Are you the go-to friend and family member who helps with…anything and everything? Are you the one that people always rely on? Are you the one who has to hold it all together, so everyone else can be okay?
If so, I bet others love this about you, but I am sure it also becomes incredibly draining at times.There may be a part of you who enjoys to be the one everyone can count on, but step back and ask yourself:
- Are others showing up for you equally?
- How are you at receiving and asking for help?
- Are you over-identifying as the caretaker for others?
- Have you made it your responsibility to be there for everyone around you?
- Are you setting and enforcing healthy boundaries for yourself?

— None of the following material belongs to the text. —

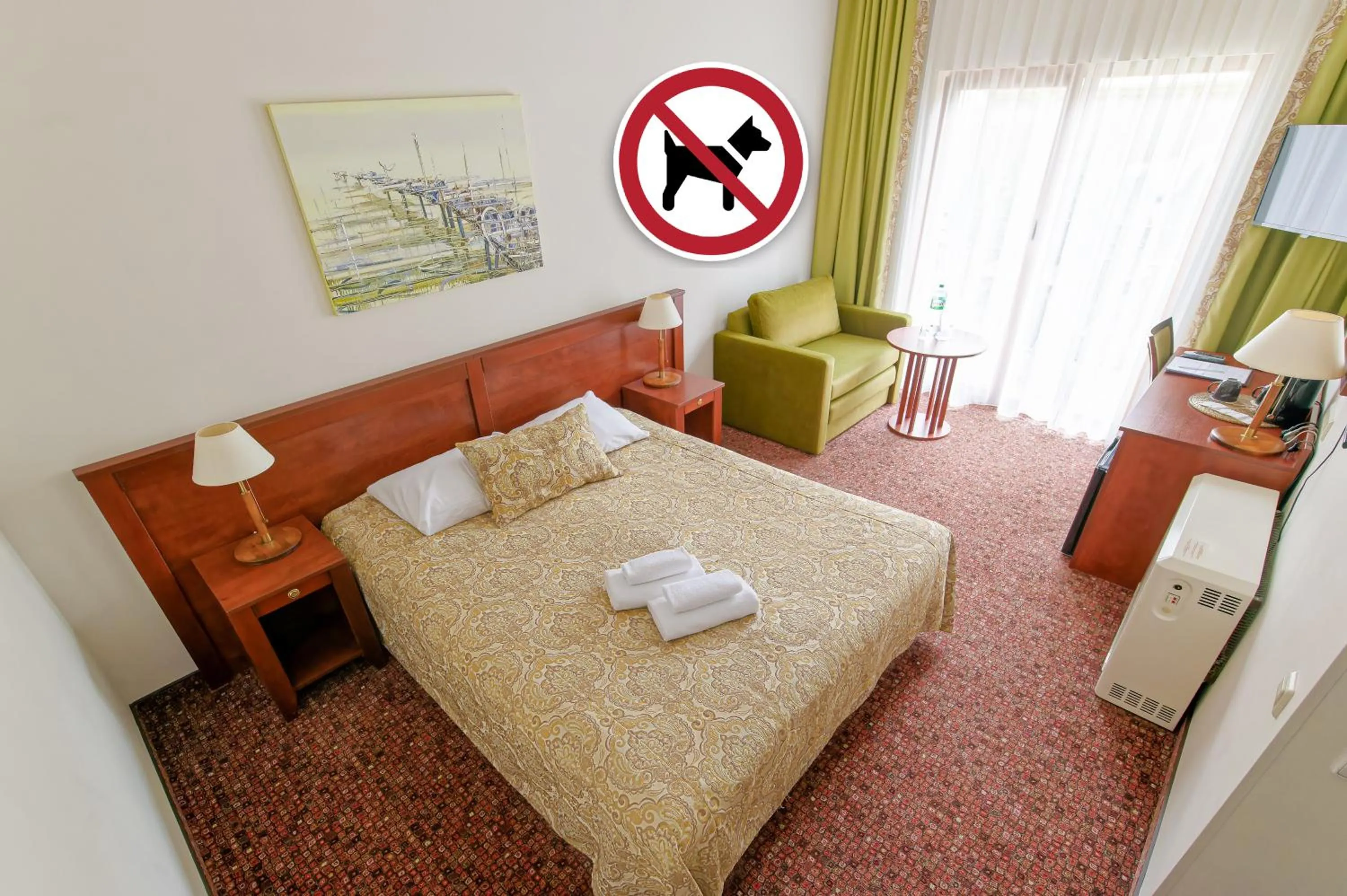 Bedroom, Bed in Regina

- Do others respect your time and space?
- By playing this role, does it allow you to show up completely and authentically?
- Is this possibly a way to avoid making yourself vulnerable and admitting that you also need help sometimes?

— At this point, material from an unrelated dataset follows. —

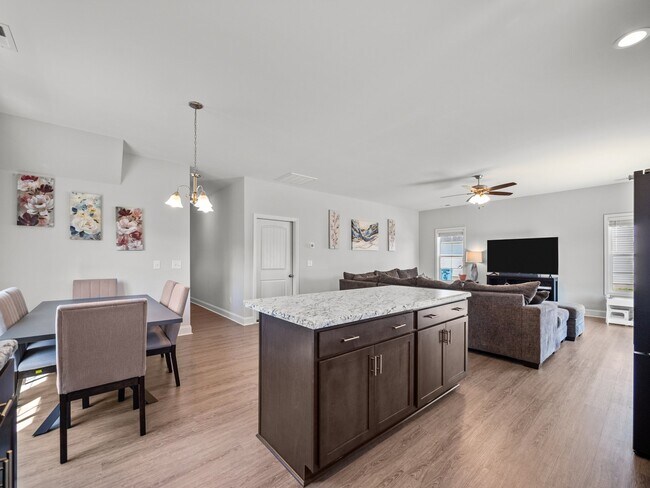 Photo - 516 Poults Dr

- Is there some piece of this that connects to a lack of self worth?
If you don’t address this, it can start to feel like you’re attracting takers, feeling depleted and as a result, you may grow resentful of others. You may find yourself in relationships that lack reciprocity. You may be giving everything at work and not receiving credit where it’s due, or it may be that friends are always looking for support, but never there when you need it.
It is important to understand why you might be finding yourself in these patterns by asking introspective questions and taking an honest look at yourself. Then, you can find healthy solutions to set boundaries and to become comfortable with a new standard for yourself — to allow more space for reciprocal relationships, time for yourself, the ability to say no, etc.
It’s not necessarily easy to do this, but it is so worth it, and it will improve all areas of your life!